Ou bien que les couples en apparence les plus solides résistent difficilement aux situations de stress extrême… N’est pas charitable,  empathique et oublieux de soi qui veut…

Ou bien que la vérité doit toujours être dite, faute de quoi on traîne avec soi un sentiment de culpabilité insupportable…

Ou bien que les excursions dans l’extrême sont réservées à des professionnels endurcis et bien préparés et que les gens simplement sportifs doivent s’abstenir…

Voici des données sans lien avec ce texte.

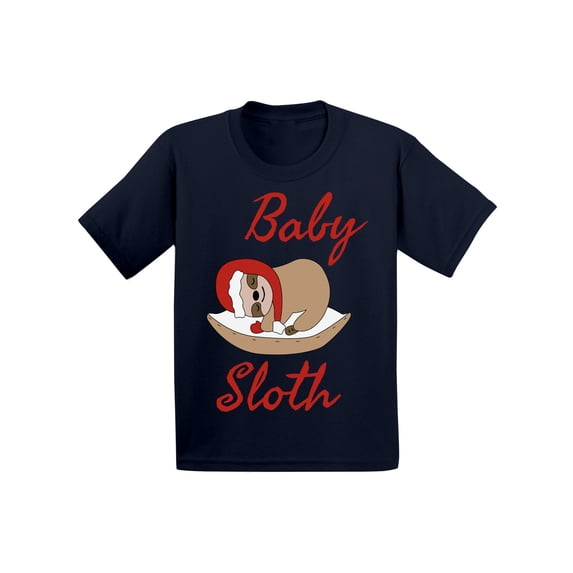 Awkward Styles Xmas T-Shirt for Baby Girls Boys Little Christmas Sloth Baby Shirt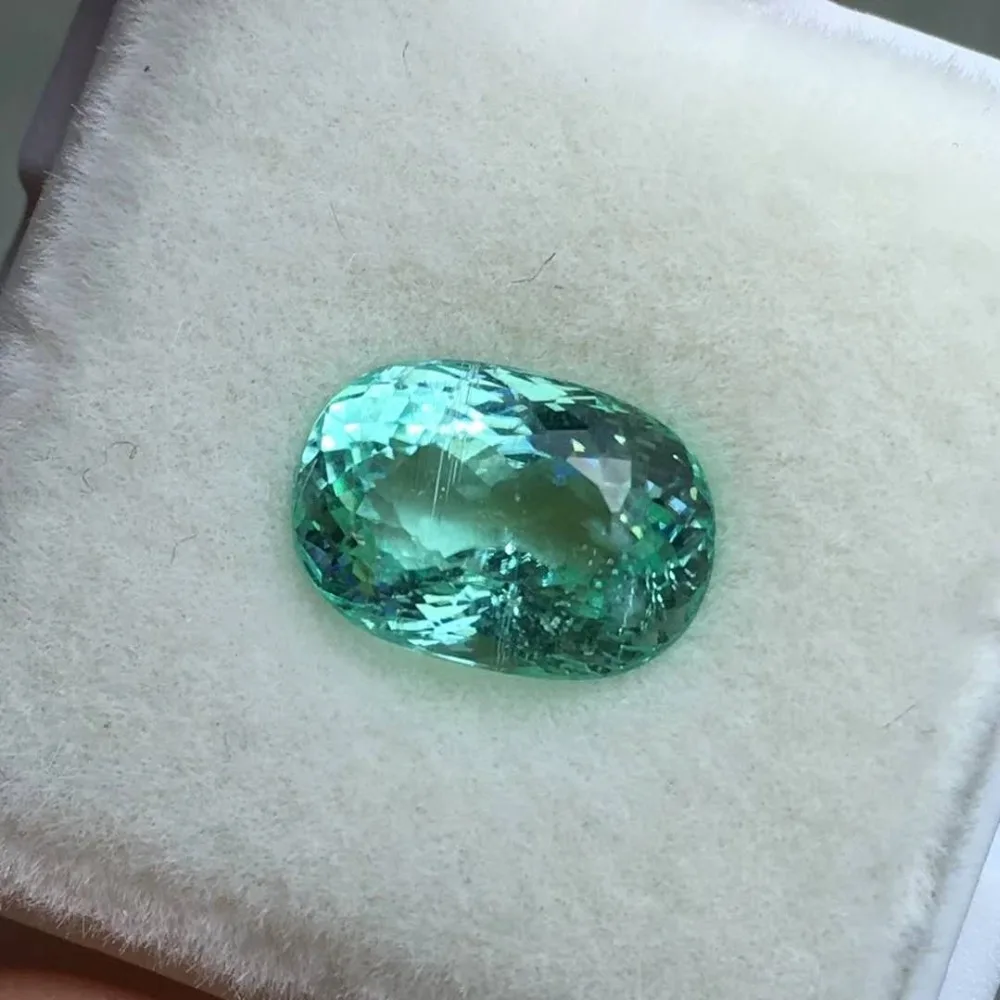 Ювелирные изделия 2 53 CT Тип эллипс Параиба Турмалин натуральный поверхность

Il y a de tout cela, sans doute, dans ce livre mais c’est trop en 217 pages seulement.

C’est raconté dans un style quelconque (voir Musso-Lévy) et avec des références quelque peu naïves. Par exemple : friande d’aventure, Louise dévorait Jules Verne et… Zola ! Autre exemple : un soir, à Islay, temple du whisky écossais, elle « déniche » 1984 de Georges Orwell, « se met au lit avec » et y trouve une similitude entre elle et Big Brother !

Navigatrice de talent et aujourd’hui présidente de WWF France, Isabelle Autissier se voit écrivain. Pourquoi pas… Son petit livre se lit sans déplaisir, comme un dépaysement. Mais pas question de le relire un jour ni de le recommander comme un morceau de littérature.